[ENTRIES SHOWN]
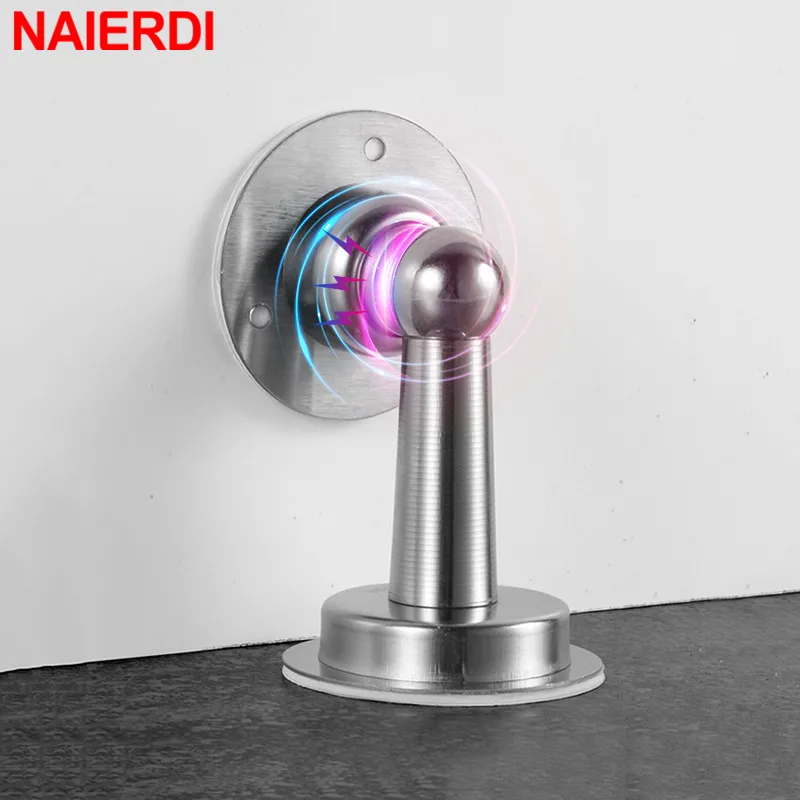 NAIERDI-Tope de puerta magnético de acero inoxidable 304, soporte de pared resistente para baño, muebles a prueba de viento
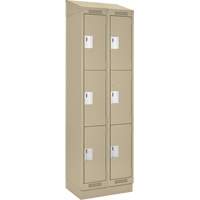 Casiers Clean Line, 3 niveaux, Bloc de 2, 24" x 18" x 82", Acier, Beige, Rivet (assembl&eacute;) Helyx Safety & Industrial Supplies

...

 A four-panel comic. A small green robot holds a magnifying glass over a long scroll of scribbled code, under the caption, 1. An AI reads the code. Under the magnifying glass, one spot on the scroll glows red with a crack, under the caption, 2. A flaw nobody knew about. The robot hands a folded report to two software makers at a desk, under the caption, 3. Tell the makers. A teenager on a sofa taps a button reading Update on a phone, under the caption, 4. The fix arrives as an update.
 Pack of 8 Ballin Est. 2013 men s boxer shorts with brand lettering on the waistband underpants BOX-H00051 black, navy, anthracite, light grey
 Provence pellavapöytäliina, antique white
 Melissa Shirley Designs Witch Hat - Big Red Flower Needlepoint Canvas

[REQUIREMENT] Transcribe, exactly and without pictures, everything in the data from the line with "NAIERDI-Tope de puerta" down to the line with "Casiers Clean Line, 3", both included.

[TASK SOLUTION]
 NAIERDI-Tope de puerta magnético de acero inoxidable 304, soporte de pared resistente para baño, muebles a prueba de viento
 Casiers Clean Line, 3 niveaux, Bloc de 2, 24" x 18" x 82", Acier, Beige, Rivet (assembl&eacute;) Helyx Safety & Industrial Supplies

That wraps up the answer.